# Lady in Miami



## Jack-A-Poo (Aug 21, 2011)

Some new pics of Sasha....I finally shaved off her teddy bear face, gave her poodle feet as well and put her in a Miami :beauty: She looks all grown up now! Also hubby got a new toy, a soft box so we got some pretty nice pics of her  She sorta looks like an :angel: minus the wings and a halo


----------



## Laceypoo (Aug 23, 2011)

Oh, what a precious face. She really does look like an angel. I love her new style!


----------



## Rowan (May 27, 2011)

SHE LOOKS GREAT!!! I've always preferred a "clean" poodle face and Sasha is no exception. It changes her entire expression--and it really brings out her eyes.
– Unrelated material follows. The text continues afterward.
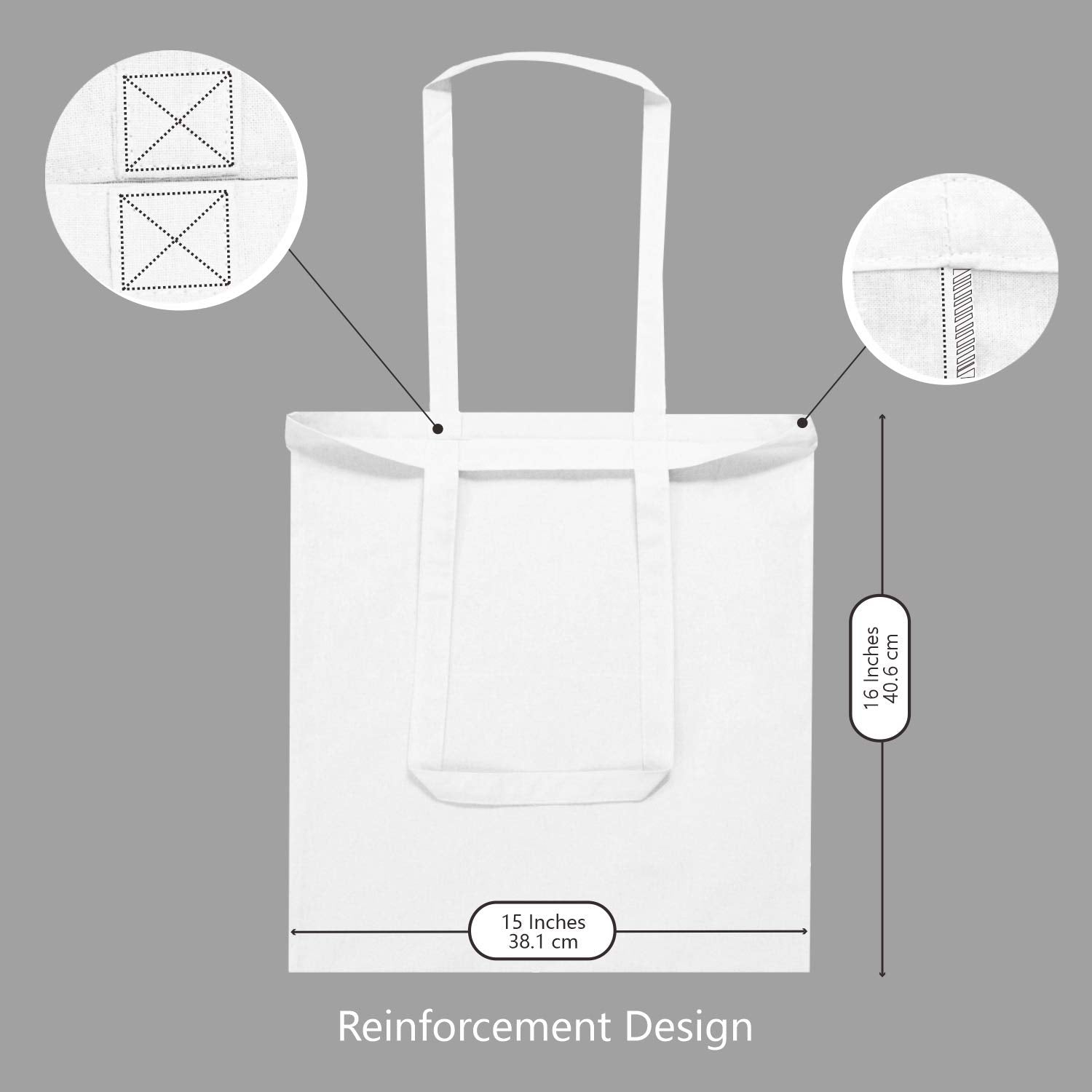 Topdesign 5-Pack Economical 16''X15'' White Cotton Tote Bag, Lightweight Medium Reusable Grocery Shopping Cloth Bags, Suitable F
BEAUTIFUL!  

(You--or is it your hubby?--take such _fabulous _pictures.)


----------



## Jack-A-Poo (Aug 21, 2011)

Yeah it's amazing how different they can look with or without shaved muzzle! And hubby's the one with the photography talent, I just know how to use a normal digital auto where it does all the work for me :lol:


----------



## MamaTiff (Sep 23, 2011)

Awwwww! I think the last one is my fav. She's got such a pretty face on her!


----------



## spoospirit (Mar 10, 2009)

_She's darling! She does have a very pretty face! That was very sweet of you to give hubby a soft box. He uses it well._


----------



## Chagall's mom (Jan 9, 2010)

*Jack-A-Poo*: I would keep that precious face shaved, and a firm grip on that ace photographer husband of yours as well. :camera: A new haircut can do wonders for a gal, Sasha's sure proof of that. She looks dainty and pretty and angelic as can be! (She may hide her "halo" from time to time, but with a face like hers, she can still make any heart take flight!):angel2:


----------



## tokipoke (Sep 3, 2011)

Wow! What a difference! She looks so cute! I admire you for taking the plunge and shaving her face! We always say "it's just hair" but we tend to get very attached to it!


----------



## Fluffyspoos (Aug 11, 2009)

I love her <3


----------



## LEUllman (Feb 1, 2010)

Before, she was an amazing example of artistic grooming. Now she's an amazing example of a beautiful poodle! Bravo.


----------



## Jack-A-Poo (Aug 21, 2011)

Yes it was very hard to get the clipper to do the first cut! I just kept telling myself just do it and it'll grow back if I don't like it :lol: It took awhile to get used to it but it has grown on us and now I love the shaved face look. Makes her look more girlish and ladylike 

Hubby took a little longer to get used to it.....he called her Big Bird from Sesame Street coz all of a sudden she had long visible muzzle and with the topknot he said she looks like Big Bird :frusty: But he's over that now :lol:


----------



## vickylou (Jul 26, 2009)

Omg I love it, she looks stunning, gotta love a clean face


----------